The next day we drove to the beach with the boys and the team. Swimmers the boys were not. Outside the water, they were tough and independent. Inside the water they became little boys, needing love and safety. Summer and I decided to stay in Haiti an extra few days, while her sister and the team left on their scheduled date. We took our stuff over to the boys home and camped out with the cockroaches. 

For the next few days Summer and I traveled around Port au Prince with some of the boys, looking for their family members. We wanted to reunite these kids with their parents and families (some had not seen them in years) and needed permission from their parents to keep them in the boys' home. It was a beautiful but sobering time, watching the kids see their parents and siblings and neighbors after years of being apart. As far as I could understand, we found each family just by word of mouth. The boys had some idea of where they had grown up so we headed out in those areas, walked around a bit, then eventually a neighbor, relative, or childhood friend recognized them. Each time when they were recognized, people gathered around and began announcing their presence. By the time we arrived in front of their parents, crowds of people had gathered. Summer explained to each parent where their child had been, where they were now living and what MdL was doing for them. She asked each child if they would like to stay with their parents, but all shared that they wanted to stay at MdL. Each parent agreed that they would like their child to be raised at MdL. We gave them information about how to contact their children if they wanted to see them and then traipsed our way down through the hills, led through the rocks and the mud by the boys.
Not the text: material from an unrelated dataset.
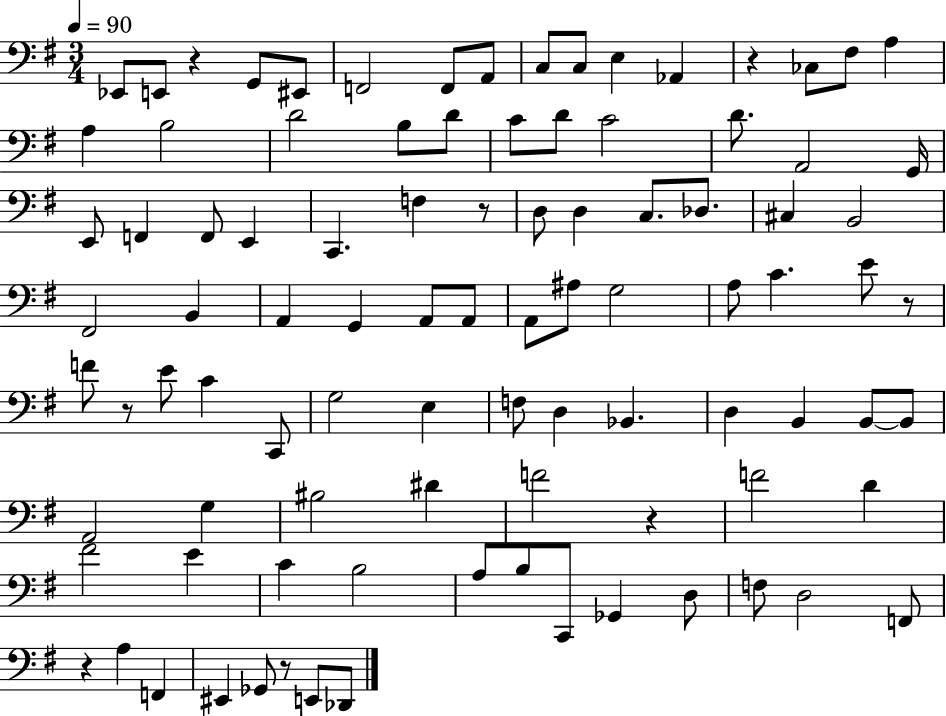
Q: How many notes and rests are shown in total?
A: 95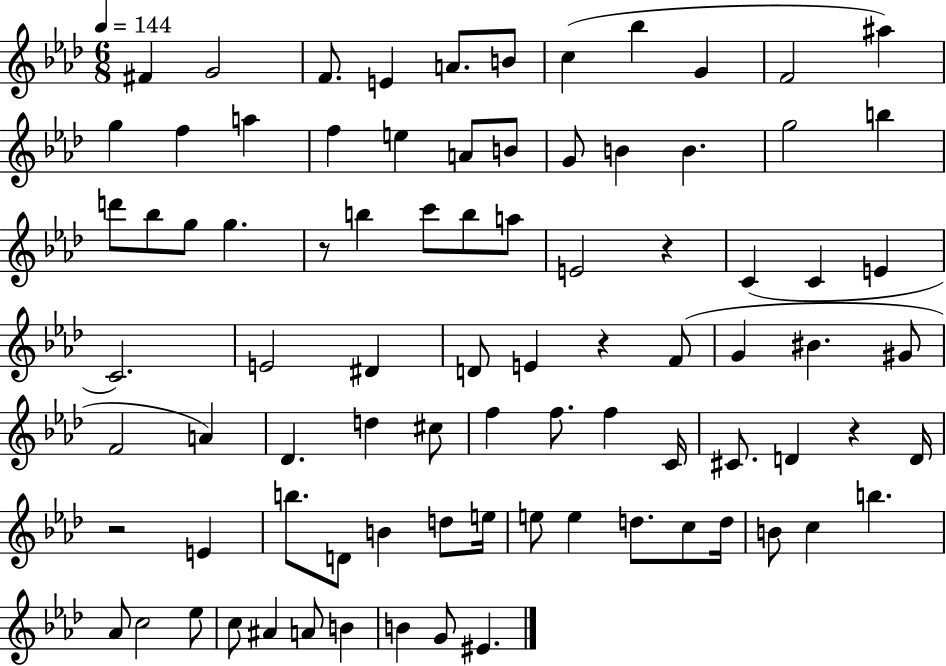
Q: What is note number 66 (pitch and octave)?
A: C5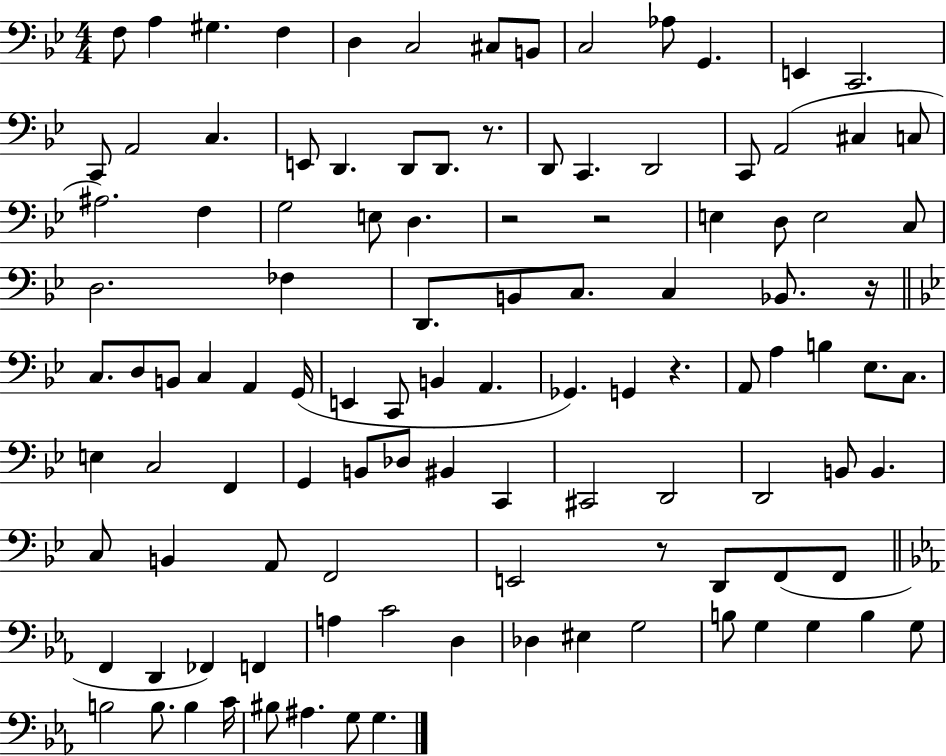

At one point I remember sitting in a truck and the words, "I want to move here," came flying out of my mouth. I meant them, but the thought seemed so crazy and not like me, that I considered trying to grab the words and putting them back in my mouth. A few days later we bid a tearful goodbye to the boys, wondering when we'd be able to return.

Again, I left Haiti wondering what my role in the future there would be.  I could be a nurse there. But me, really? The girl who hates dirt, creepy-crawling creatures, and being hot?